However, I believe the trees do talk to one another. I encountered one other tree that had it in for me. One monster poplar started leaning even more precariously towards the cottage. This was a good 18 inch thick one, so it had a great deal of height and weight. The overall fall would be more towards the front of the cottage and our newly constructed deck.


But I have fallen a few dangerous poplars by this time. Never something quite this large or quite this heavy. But if you play the stock market during a rising economy, then every trade makes you look brilliant. So it all works out. Till suddenly it doesn’t.


My normal practice became to tie a rope several feet up and attach it to a come-along pulley system. Normally I can get enough tension on the pulley to angle the tree just to where I want it if the tree leans in a direction that I do not want it to fall.


I do like trees. Some of the elms we have on our city property are 100 years old and three feet in diameter. I think of them as sentient type creatures similar to whales. Well, back at the cottage, I lined up my Moby Dick poplar tree and got the tension nice and tight. I am quite good, I thought, of cutting the proper wedges in a tree to create a hinge that directs how the tree might fall. With some of the base cut out, I can then pulley the tree even further in the direction I wanted.


However, Moby had other plans. After cutting out a portion of the base, the pulley system tightened and some of the ropes started springing a few threads from the increased strain. Moby pulled ever so slightly in the opposite direction I wanted. Moby definitely wanted to see what it would be like to have a coffee on the cottage deck.


I tried cranking the pulley even more but nothing was going to straighten this guy out any further. I needed a way of this situation that had a delicate line between the ‘everything went fine honey’ and the ‘I am so fucked’ result. A fat gray line did not exist here.

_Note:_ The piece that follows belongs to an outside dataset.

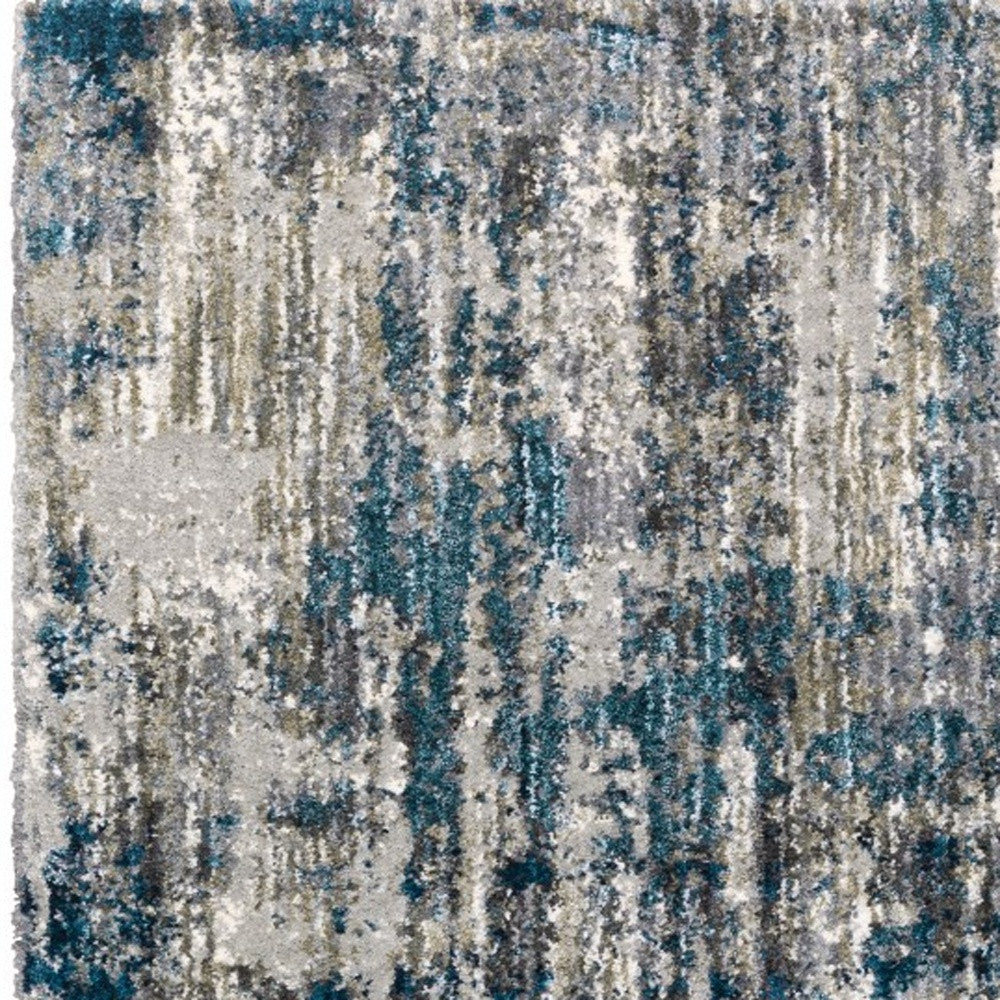 2' X 8' Grey And Blue Grey Skies Runner Rug-Area Rugs-DECOROLALA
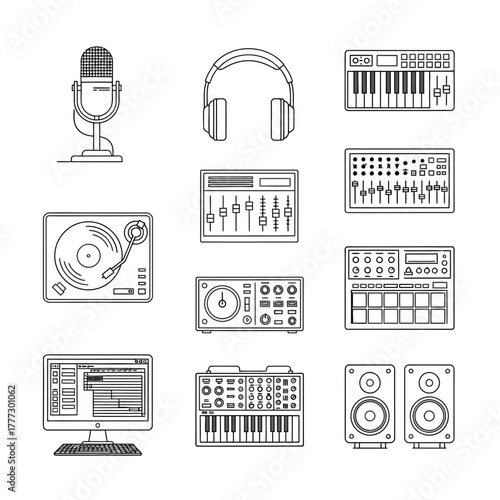 Collection of Music Production Equipment - Microphone, Headphones, Keyboard, Turntable, Speakers, and Mixer.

Fortunately, we have a Rob. Everyone needs a Rob. Rob owns an auto body shop and knows just about everything mechanical, electrical and basic woodworking. I sauntered over to get some ideas. It may have been faster than that. But fortunately, he’s next door and came by to appraise the situation.


He goes back to his place and comes back with even more rope and his all-terrain vehicle. This time he tells to take my ladder and rope the tree as high up as I can reach.


Now Moby hasn’t moved for several minutes, but neither has he relaxed into this position. He looks ready for destruction. Climbing up the side of this would not be my first option, but I had no other options. After a bit, I managed to wrap the rope a good 12 feet off the ground snag a major branch to keep if from slipping down.


Rob ties the rope on the back of his ATV. By experience, he knows to have an extra 20 feet on the rope than what the top of the tree can reach when it falls.


I cut the last bit of the wedge, call to him and he takes off in the ATV. He manages to pull the tree in the exact opposite direction from the cottage. No coffee on the deck for Moby this time round. I thank Rob profusely.


Asking others for help has never come very easy for me. Not sure why. It might be the entire awkward social interaction thing perhaps. I have now gotten myself to the point that if there is a possibility I may destroy the entire cabin, I will call on someone to help avert that.